In connexion with these judicious remarks, 'peruse the following on

NORWEGIAN SCENERY.

"It was now, that, for the first time, I felt I was in Norway; it was now that I knew the land of my early visions; I had gained the summit of the ridge, which on one side bounded the valley, and Norway, with all her attributes of sublimity, burst upon me. Forests, whose vastness and shade, and solitude and silence, banished in an instant from the mind all associations with song of bird, and bower, and gay silvan scene,-lakes, whose deep seclusion put to flight images of mere grace and beauty,-valleys, which from their depth and gloom, we might fancy to be the avenues to abodes of a more mysterious creation, mountains, whose dim and rugged, and gigantic forms, seemed like the images of a world that we might dream of, but never behold.
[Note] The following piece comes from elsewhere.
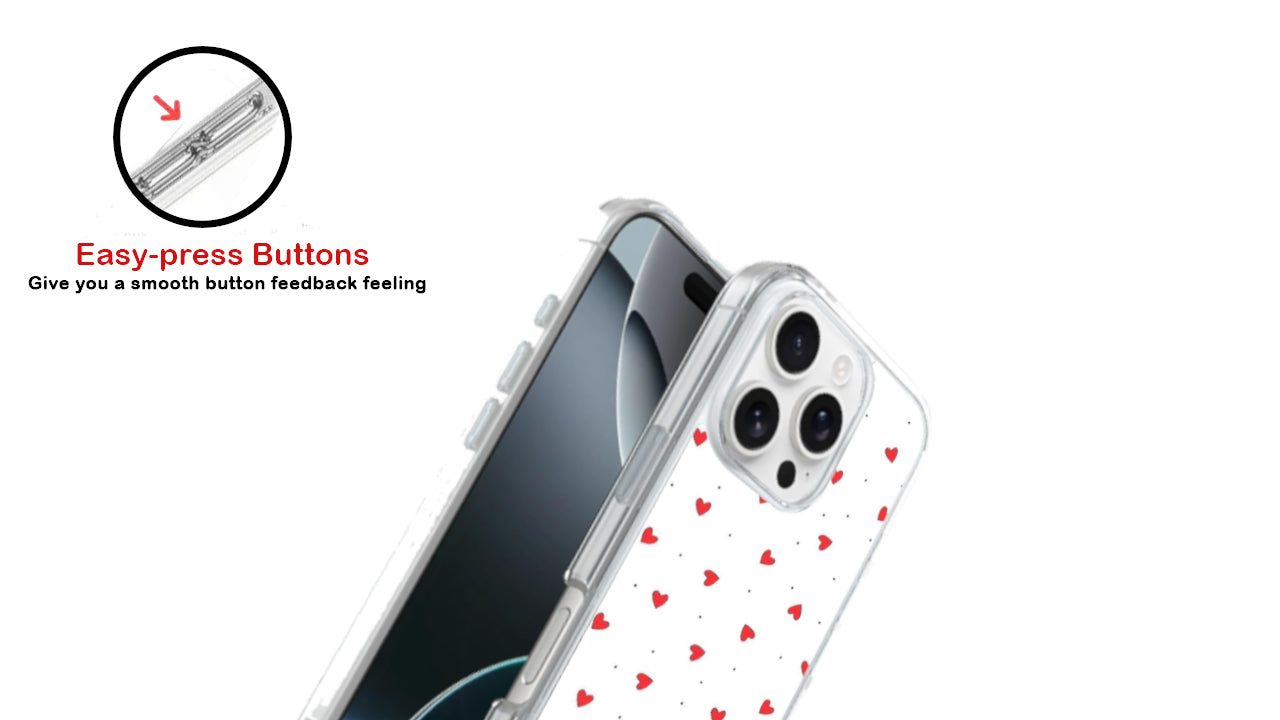 Cute Red Hearts Pattern Phone Case – Sweet & Aesthetic Love Design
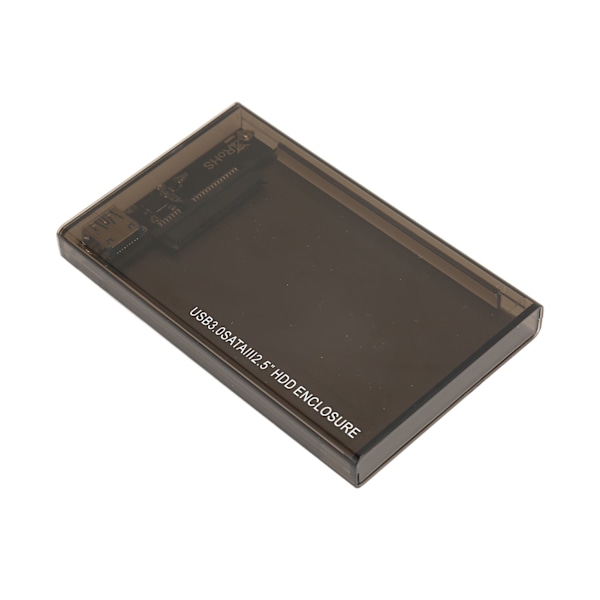 USB3.0 SATA III 2,5-tums hårddiskhölje Stöd UASP Maximalt 6TB SSD-hölje Mobil hårddiskbox för 2,5-tums SSD HDD YC S9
Could any man, gazing upon such a scene, refer his emotions to the origin pointed out by Burke? Burke, had he looked more upon the face of nature, and less upon that of society, would never have promulgated his doctrine, —or if he had, he would have published his recantation. But I cannot dismiss the doctrine of Edmund Burke in a single sentence, nor can it be considered out of place, to devote a moment to the origin of the sublime, in a journey through a country in which the emotion is excited at every step.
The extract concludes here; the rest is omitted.